Requirement: Pictures aside, reproduce exactly and only the lines below, starting at the one containing "dock area with a water view" and ending at the last line.

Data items
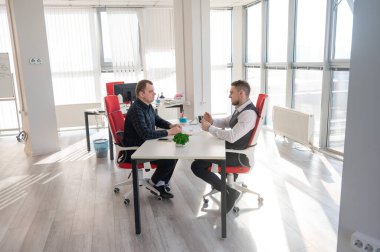 İki beyaz adam bir iş toplantısında iletişim kuruyor.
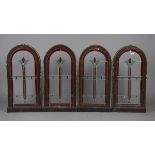 A set of four 20th century leaded and stained glass arched window panels within oak frames, height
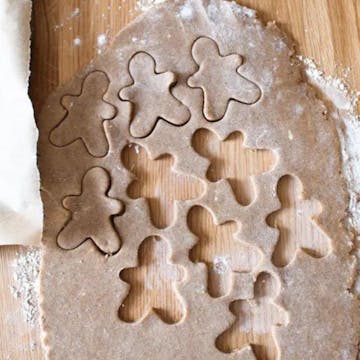 gingerbread dough rolled out with gingerbread men cut out of it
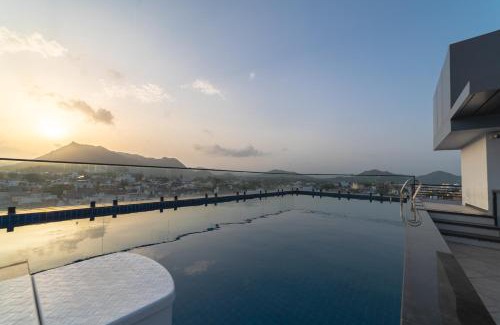 Shavri Colony Hotel | PINNACLE Udaipur - Boutique Rooftop Pool Hotel, Near the Lakes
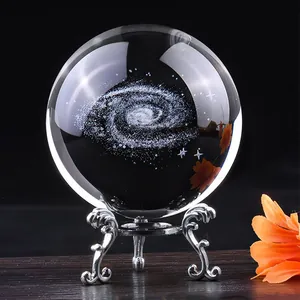 Detailed view of clear crystal ball with laser-engraved galaxy inside on ornate stand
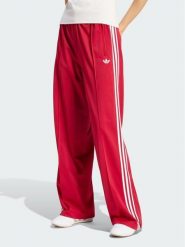 Adidas Spodnie dresowe 159027 Czerwony Loose Fit. Czerwone spodnie dresowe Adidas, xs, bez wzorów, z dresówki. Za 298.99 zł.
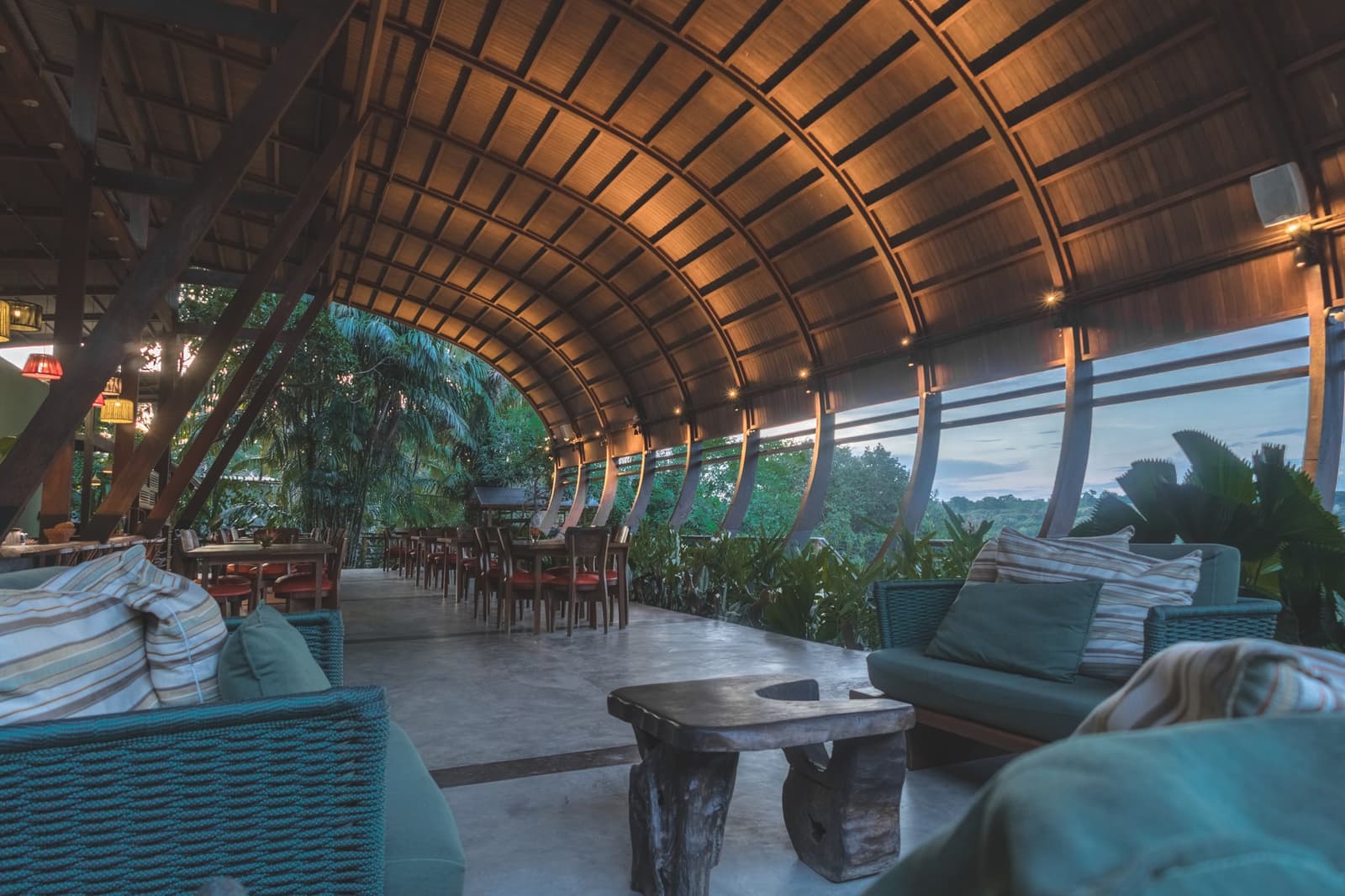 Le genre d'endroit qui vous convainc de rester un jour de plus. Le restaurant du Mirante do Gavião avec son plafond en bois incurvé, ses canapés en rotin et ses larges baies vitrées ouvertes sur la canopée amazonienne au crépuscule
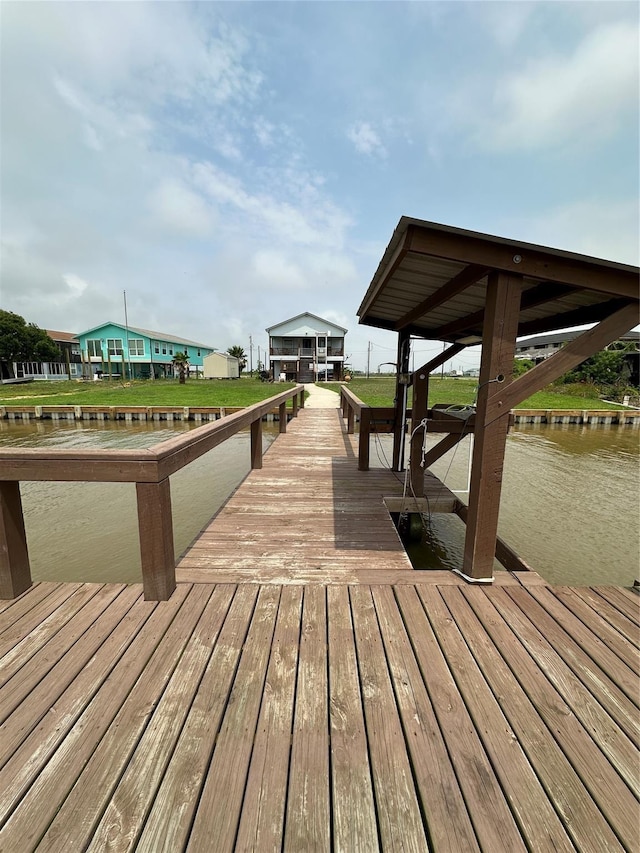 dock area with a water view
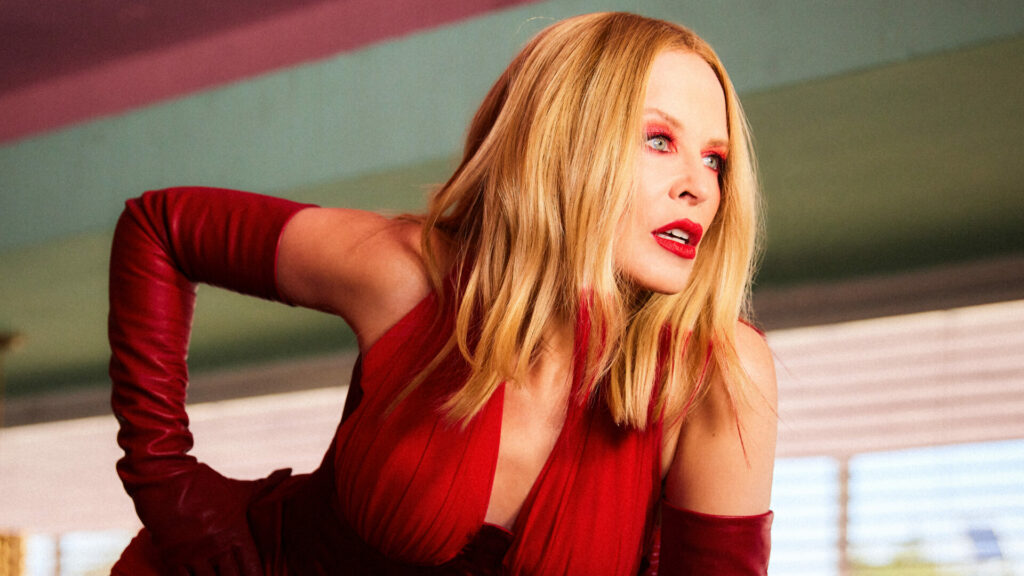 Kylie Minogue wearing a red dress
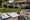 A person installs stakes in a suburban lawn beside planning materials, gloves, and colorful yard signs.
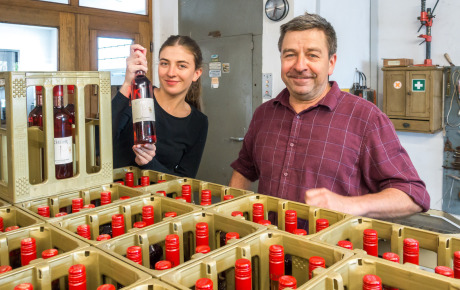 Anna und Rudolf Dentzer vor Kisten mit Weinflaschen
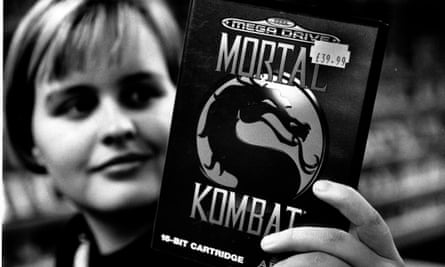 A games fan holds a copy of Mortal Combat for the Sega Mega Drive.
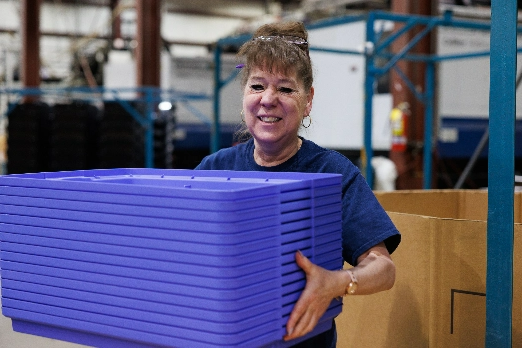 Happy woman carrying storage lids in a factory
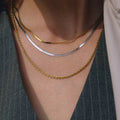 Third Harmony triple layered necklace with 18k gold rope and herringbone chains.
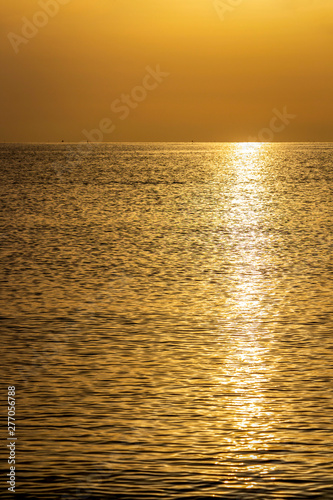 Golden summer Adriatic Sea sunrise coastline water surface with sun glitter at Lungomare Dante Alighieri beach in Senigallia, Province of Ancona, Marche, Italy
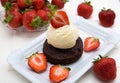 Brownie with ice cream and strawberries Royalty Free Stock Photo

Output for this exercise:
 dock area with a water view
 Kylie Minogue wearing a red dress
 A person installs stakes in a suburban lawn beside planning materials, gloves, and colorful yard signs.
 Anna und Rudolf Dentzer vor Kisten mit Weinflaschen
 A games fan holds a copy of Mortal Combat for the Sega Mega Drive.
 Happy woman carrying storage lids in a factory
 Third Harmony triple layered necklace with 18k gold rope and herringbone chains.
 Golden summer Adriatic Sea sunrise coastline water surface with sun glitter at Lungomare Dante Alighieri beach in Senigallia, Province of Ancona, Marche, Italy
 Brownie with ice cream and strawberries Royalty Free Stock Photo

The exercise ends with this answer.